ASSIGNED TASK:
Find the line with "bestwallettoken.crescentnetworks.co.ke phishing report" and the line with "備前焼 備前手造り龍宝瓶 獅子宝瓶 在銘 2点セット 煎茶器" in the entries below; output exactly those two lines, every line between them, and no others.

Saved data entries
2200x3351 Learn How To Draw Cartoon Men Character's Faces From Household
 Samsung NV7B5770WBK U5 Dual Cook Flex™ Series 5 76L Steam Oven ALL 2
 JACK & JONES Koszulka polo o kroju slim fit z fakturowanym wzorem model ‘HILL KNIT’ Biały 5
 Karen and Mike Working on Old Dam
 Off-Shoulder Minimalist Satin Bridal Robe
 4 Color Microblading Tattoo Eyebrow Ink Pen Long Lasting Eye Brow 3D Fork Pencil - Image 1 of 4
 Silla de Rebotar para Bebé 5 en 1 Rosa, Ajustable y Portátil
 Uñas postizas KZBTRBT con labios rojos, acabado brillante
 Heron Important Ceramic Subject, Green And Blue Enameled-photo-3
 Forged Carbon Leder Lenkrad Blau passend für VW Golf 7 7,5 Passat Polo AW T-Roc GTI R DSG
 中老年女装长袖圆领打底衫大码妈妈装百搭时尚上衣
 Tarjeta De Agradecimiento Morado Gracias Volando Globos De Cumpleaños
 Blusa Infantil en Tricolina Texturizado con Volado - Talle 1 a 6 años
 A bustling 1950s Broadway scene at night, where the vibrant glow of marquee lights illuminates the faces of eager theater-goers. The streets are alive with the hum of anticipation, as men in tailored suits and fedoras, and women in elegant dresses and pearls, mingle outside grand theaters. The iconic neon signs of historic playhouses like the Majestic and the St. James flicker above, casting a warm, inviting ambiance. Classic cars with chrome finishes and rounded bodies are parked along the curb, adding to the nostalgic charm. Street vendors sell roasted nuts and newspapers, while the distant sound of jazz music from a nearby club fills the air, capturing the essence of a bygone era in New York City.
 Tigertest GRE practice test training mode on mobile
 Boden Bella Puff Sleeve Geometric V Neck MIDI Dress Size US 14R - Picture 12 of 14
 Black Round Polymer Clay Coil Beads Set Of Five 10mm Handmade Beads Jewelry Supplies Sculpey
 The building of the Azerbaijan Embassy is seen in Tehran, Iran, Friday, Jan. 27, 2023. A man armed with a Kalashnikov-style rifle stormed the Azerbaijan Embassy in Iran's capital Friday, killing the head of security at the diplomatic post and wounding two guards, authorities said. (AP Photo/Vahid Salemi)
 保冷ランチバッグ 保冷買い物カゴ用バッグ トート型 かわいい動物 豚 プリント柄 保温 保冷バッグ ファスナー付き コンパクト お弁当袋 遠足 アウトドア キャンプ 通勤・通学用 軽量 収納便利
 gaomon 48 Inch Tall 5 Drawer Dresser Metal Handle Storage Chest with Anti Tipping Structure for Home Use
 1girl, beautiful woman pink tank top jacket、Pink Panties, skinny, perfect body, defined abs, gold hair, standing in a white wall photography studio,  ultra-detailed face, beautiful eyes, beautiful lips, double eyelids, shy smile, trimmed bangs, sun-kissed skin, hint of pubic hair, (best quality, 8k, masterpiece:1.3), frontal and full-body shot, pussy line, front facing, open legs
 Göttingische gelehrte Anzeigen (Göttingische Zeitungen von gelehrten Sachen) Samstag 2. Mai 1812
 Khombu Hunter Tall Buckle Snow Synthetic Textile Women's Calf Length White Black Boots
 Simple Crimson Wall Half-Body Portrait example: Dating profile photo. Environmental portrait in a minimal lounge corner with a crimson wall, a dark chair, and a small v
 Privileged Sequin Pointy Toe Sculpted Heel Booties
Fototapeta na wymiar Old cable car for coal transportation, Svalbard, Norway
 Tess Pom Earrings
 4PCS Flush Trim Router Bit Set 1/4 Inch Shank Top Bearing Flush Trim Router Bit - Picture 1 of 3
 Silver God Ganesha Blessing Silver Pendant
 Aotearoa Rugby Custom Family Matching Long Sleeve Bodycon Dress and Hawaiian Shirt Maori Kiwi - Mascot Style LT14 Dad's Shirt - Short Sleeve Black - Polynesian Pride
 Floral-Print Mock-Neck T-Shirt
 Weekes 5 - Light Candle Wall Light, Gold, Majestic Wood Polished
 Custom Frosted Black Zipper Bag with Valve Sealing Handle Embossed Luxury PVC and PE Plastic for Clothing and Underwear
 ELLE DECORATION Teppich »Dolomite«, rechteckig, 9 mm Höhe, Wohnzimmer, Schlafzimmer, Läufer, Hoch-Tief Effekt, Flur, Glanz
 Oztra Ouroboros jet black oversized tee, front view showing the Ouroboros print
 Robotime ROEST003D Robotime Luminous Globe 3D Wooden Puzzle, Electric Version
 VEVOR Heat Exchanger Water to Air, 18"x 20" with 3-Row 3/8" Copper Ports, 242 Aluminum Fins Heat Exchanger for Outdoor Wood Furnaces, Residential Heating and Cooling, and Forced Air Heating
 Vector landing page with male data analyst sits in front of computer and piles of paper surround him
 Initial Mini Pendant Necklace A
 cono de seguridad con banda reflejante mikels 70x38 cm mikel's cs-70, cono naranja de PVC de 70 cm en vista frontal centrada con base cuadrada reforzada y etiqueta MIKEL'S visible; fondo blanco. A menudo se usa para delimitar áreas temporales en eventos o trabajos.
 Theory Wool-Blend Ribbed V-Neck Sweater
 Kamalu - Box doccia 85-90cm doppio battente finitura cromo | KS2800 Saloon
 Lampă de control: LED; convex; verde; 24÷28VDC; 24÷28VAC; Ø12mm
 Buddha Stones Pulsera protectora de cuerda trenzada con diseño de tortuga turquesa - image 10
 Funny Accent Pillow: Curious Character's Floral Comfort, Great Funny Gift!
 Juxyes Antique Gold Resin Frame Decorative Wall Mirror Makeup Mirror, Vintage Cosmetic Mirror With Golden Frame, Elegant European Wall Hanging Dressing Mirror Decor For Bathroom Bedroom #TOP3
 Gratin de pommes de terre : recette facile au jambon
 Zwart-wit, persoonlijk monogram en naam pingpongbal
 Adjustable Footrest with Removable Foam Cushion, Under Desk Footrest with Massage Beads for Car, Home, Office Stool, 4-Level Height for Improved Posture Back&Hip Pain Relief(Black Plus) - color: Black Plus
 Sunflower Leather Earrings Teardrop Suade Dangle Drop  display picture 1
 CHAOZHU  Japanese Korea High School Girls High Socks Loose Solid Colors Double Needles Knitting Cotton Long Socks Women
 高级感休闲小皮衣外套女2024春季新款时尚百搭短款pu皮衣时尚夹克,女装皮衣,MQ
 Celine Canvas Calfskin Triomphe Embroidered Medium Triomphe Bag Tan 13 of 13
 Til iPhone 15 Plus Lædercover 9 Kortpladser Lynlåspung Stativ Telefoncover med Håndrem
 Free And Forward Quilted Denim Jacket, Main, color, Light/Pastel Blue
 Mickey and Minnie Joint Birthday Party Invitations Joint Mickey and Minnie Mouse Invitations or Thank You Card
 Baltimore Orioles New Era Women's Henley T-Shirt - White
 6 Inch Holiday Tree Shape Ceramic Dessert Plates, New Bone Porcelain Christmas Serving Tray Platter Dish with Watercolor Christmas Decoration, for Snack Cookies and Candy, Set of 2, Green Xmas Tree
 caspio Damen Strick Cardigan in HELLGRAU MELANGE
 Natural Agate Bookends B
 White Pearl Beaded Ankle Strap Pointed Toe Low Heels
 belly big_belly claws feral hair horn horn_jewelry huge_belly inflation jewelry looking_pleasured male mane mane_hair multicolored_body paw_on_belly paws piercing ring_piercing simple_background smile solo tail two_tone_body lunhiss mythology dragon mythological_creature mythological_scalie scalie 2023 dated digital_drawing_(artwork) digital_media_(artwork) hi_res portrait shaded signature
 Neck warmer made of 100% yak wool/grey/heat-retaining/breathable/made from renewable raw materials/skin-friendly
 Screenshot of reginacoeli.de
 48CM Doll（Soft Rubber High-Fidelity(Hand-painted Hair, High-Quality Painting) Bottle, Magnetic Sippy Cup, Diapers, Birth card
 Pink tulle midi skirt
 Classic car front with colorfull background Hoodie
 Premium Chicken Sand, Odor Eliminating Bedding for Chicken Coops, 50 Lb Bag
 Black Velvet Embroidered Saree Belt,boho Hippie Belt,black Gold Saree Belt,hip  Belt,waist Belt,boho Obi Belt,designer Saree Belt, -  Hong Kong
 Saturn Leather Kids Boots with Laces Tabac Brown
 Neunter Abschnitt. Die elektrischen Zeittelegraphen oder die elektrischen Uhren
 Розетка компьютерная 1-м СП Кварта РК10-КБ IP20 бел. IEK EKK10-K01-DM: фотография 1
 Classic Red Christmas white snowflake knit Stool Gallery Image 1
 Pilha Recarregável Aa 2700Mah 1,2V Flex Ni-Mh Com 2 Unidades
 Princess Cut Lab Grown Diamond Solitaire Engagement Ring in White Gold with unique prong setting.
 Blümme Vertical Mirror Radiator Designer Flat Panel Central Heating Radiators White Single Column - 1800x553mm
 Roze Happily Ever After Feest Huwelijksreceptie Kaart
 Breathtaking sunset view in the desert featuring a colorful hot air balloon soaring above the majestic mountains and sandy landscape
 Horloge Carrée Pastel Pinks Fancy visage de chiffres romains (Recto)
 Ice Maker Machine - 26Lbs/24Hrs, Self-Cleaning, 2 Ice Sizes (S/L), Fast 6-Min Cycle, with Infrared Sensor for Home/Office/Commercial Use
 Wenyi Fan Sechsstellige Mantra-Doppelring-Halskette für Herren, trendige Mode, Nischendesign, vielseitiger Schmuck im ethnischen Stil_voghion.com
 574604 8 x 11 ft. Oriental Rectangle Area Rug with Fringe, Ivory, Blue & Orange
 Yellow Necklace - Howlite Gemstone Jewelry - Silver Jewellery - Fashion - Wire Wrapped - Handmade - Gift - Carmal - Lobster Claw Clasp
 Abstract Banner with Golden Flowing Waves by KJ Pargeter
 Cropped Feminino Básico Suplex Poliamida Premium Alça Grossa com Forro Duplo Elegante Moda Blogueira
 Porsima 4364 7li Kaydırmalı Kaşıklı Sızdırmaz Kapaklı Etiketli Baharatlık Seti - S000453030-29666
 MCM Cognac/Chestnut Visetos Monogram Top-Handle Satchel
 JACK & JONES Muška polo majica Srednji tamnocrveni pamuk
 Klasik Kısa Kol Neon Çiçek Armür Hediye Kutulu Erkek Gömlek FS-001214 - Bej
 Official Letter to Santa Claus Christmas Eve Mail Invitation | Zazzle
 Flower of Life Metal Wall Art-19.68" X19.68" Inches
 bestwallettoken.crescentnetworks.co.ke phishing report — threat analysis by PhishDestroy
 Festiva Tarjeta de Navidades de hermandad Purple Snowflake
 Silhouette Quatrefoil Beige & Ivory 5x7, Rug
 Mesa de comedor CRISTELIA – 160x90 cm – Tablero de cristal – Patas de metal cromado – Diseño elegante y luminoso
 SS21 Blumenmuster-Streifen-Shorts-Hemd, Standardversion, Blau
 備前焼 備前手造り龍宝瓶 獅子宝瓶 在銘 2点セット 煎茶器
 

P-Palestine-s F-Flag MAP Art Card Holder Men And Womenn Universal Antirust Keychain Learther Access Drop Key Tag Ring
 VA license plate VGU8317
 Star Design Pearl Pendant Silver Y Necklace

EXERCISE RESULT:
 bestwallettoken.crescentnetworks.co.ke phishing report — threat analysis by PhishDestroy
 Festiva Tarjeta de Navidades de hermandad Purple Snowflake
 Silhouette Quatrefoil Beige & Ivory 5x7, Rug
 Mesa de comedor CRISTELIA – 160x90 cm – Tablero de cristal – Patas de metal cromado – Diseño elegante y luminoso
 SS21 Blumenmuster-Streifen-Shorts-Hemd, Standardversion, Blau
 備前焼 備前手造り龍宝瓶 獅子宝瓶 在銘 2点セット 煎茶器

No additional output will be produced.